I was fourteen years old, and was in the throes of a very private
damascene conversion which had quietly begun a couple of years before by way of
punk, or my idea of punk by way of what I’d read and heard. I’d moved quickly,
from the first Stranglers LP, Rattus Norvegicus, to Buzzcocks and Magazine. I’d
not even realised the connection between those last two until Tony Wilson did
his half-hour documentary, B’dum B’dum, on Pete Shelley and Howard Devoto as
part of a series of Thursday night What’s On specials. The film is now out
there on YouTube, and is worth every second of Shelley/Devoto chat.
There was a lot I lapped up, but there was even more I missed,
ignored, didn’t get, or just didn’t get to hear. Apart from anything else, I
didn’t know where or how you could find all this stuff I was reading about. I
was also just that crucial bit too young to go out and hear it live for myself.
Despite all this, it was clear that Joy Division could be my band.
Even reading about them while looking at that grainy photograph above the
Sounds review made my stomach churn. So, when I heard Day of the Lords from
Unknown Pleasures on John Peel, everything clicked.
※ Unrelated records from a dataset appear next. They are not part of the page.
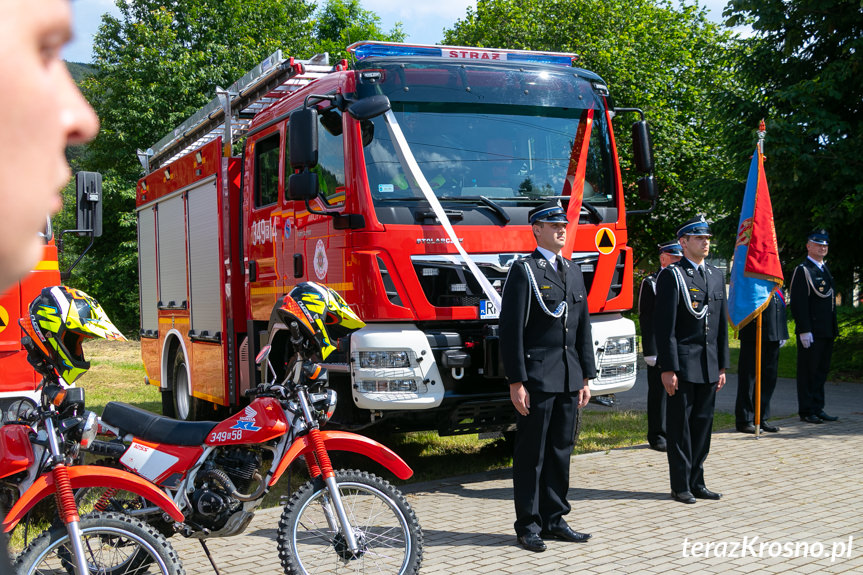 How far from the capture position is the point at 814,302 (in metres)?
10.4

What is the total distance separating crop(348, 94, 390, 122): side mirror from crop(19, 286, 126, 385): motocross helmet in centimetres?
292

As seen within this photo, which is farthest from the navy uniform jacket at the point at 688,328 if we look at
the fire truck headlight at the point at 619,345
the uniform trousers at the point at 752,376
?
the uniform trousers at the point at 752,376

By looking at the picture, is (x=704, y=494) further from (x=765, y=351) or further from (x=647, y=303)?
(x=765, y=351)

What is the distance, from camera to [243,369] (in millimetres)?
8656

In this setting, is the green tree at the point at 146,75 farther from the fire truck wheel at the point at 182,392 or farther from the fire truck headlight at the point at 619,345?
the fire truck headlight at the point at 619,345

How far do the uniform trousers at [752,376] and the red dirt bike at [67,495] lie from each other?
704 cm

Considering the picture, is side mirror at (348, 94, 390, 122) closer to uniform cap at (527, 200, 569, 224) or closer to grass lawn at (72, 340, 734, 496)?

Here was something which seemed much weightier than mere pop music,
driven by a slow-motion sense of claustrophobic foreboding concerning some
unnamed oppressive force. The song’s key line, ‘Where will it end?’ was
repeated by Curtis with a mixture of desperation and resignation at the fact
that we were all doomed. It was perfect.
I didn’t buy Unknown Pleasures straight away after reading about it
in Sounds. It was too soon to make the leap, somehow. Before the year was out
I’d be rummaging through the racks in Probe, Liverpool’s in-crowd record shop, looking
for hidden musical treasure as the smell of patchouli oil wafted by. Pocket
money was too tight to mention, and while buying singles had been a regular
occurrence since I was a kid, taking the plunge with an album was a Big Deal.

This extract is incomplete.